At a distance of 45 kilometres from the cyber hub located in the National Capital Region, Mewat, now administratively known as Nuh, is one of Haryana’s youngest districts carved out of the Faridabad and Gurgaon districts in 2005.
For sometime now, Haryana has emerged as one of the top hubs of women’s football, possibly next to only Manipur and Odisha. Alakhpura FC, who have charted their own course to the Indian Women’s League, come entirely from one town in the state.
The state’s penchant for rewarding competence in sports with jobs in the public sector also produces a high number of sports persons. Mewat however, is more challenging ground.
Everyone’s a winner
In the Mewat Model Government School grounds on a relatively pleasant Tuesday afternoon, two teams in yellow and red square off for an hour on the pitch. On the sides, the girls are cheered on by the boys, who had once told them that this was their ground.
This was a year ago. Since then, the young women have improved considerably on the field and have garnered the respect of their peers. Eventually, the team from Punhana wins by a solitary goal as the girls in yellow rush to congratulate the goalscorer.
On this day however, everyone’s a winner. The teams from the Firozpur Jhirka and Nuh tehsils are second and third. The Taoru and Nagina sides join in the festivities as well. The five teams exchange embraces as Mewat’s first-ever Under-12 girls football tournament concludes.

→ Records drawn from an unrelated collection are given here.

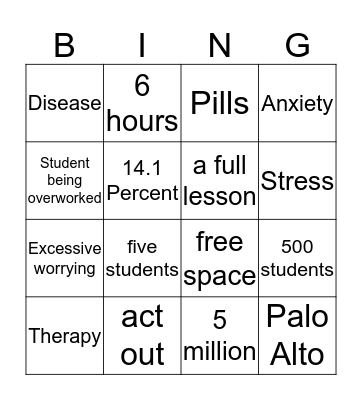 Mental Health Bingo Card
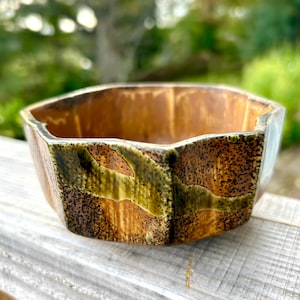 Ceramic bowl - stoneware bowl -  brown bowl - trinket bowl - texture - glazed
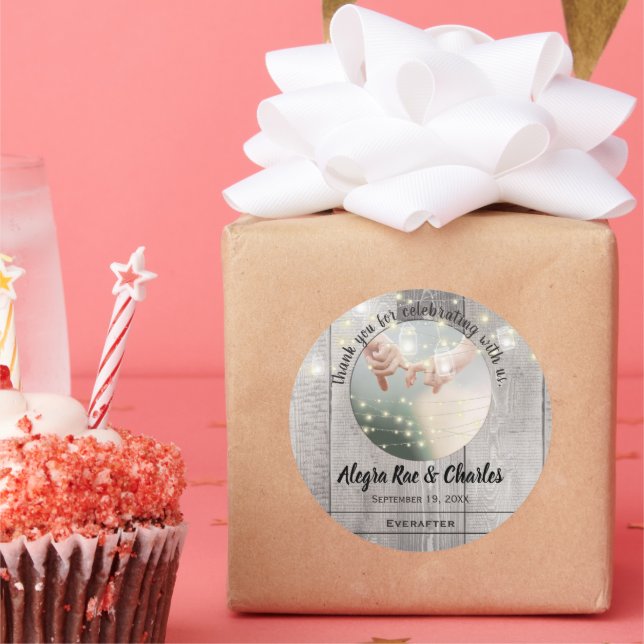 Adesivo Redondo Rustic Country Sua Foto Obrigado (Festa)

Saiba Choudhary, a coach and a D-licensee, speaks about the girls, “When we first came here in December 2016, they were shy. They had difficulties running straight. Gradually, they’ve picked up elementary stuff such as trapping the ball and passing it. Their improvement in a year has been remarkable.”
Mewat, a stiff challenge
Mewat, home to the Meo Muslims, is one of Haryana’s most marginalised districts. Sara Abdullah Pilot, a co-founder for the Centre for Equity and Inclusion (CEQUIN), speaks about Mewat’s challenges.

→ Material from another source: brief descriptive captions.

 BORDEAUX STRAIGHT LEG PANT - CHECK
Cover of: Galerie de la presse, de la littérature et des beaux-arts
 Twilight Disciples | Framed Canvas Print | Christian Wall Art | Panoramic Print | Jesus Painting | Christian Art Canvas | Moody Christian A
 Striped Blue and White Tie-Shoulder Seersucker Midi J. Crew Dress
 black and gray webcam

“We specifically picked Mewat because it was an area which was proving hard to break through to. NGO’s have been going there for years and have failed to make headway in a conservative, traditional and insular space,” she says.
One in every third girl child in the district is literate (36.6%), much lower than the state’s average (65.4%) and the dropout rates are alarmingly high. With a quarter of its population under the age of six, that is anything but good news.
Pilot and co-founder Lora Prabhu had decided in 2010 that sports and in particular, football, as an instrument of change, could be used a means of intervention for the girl child in economically backward areas. ‘Kickstart Equality’, launched with 25 girls in the Jamia Nagar region of Delhi has today expanded to 2,600 with Mewat witnessing it’s first-ever under-age tournament for women.
Somi, a member of the coaching team and herself a product of the Jamia project, says that the aim is to give back through football, “Now we’re much more confident. We’ve all got our degrees and AIFF D licenses. Some of us coach at places such as Hindustan FC and Bhaichung Bhutia Football Schools. Now we go to the girls houses, their families, try and convince them to send their girls.”
A ball and a field is all that matters
Almost 90% percent of Mewat lives in it’s rural base, where a chronic shortage of potable water and public transport has added immensely to the difficulties of ordinary women. Government schools are made inaccessible by a lack of transportation options and adequate sanitation facilities.
The girls at the tournament are all from government schools, but targeting out-of-school girls and integrating them also remains a priority, says Pilot. For Mewat, it’s low social indices often mean that one or two in a family of five or six is educated with preference being given to the male child.
In a year when the under-17 men have played their first-ever World Cup at home, the under-15 girls, coached by Maymol Rocky, also the coach of the senior women’s national team, finished runners-up at the SAFF Under-15 championship.
The entire budget of the women’s game stands at a fifth of the expenditure on the Under-17 team’s exposure tours alone and remains severely underfunded and deprived of more women coaches.
For the girls of Mewat however, a ball and a field is a release from their surroundings, and now an integral part of their being. From dawn till the break of school, the area between the two goalposts is all that matters.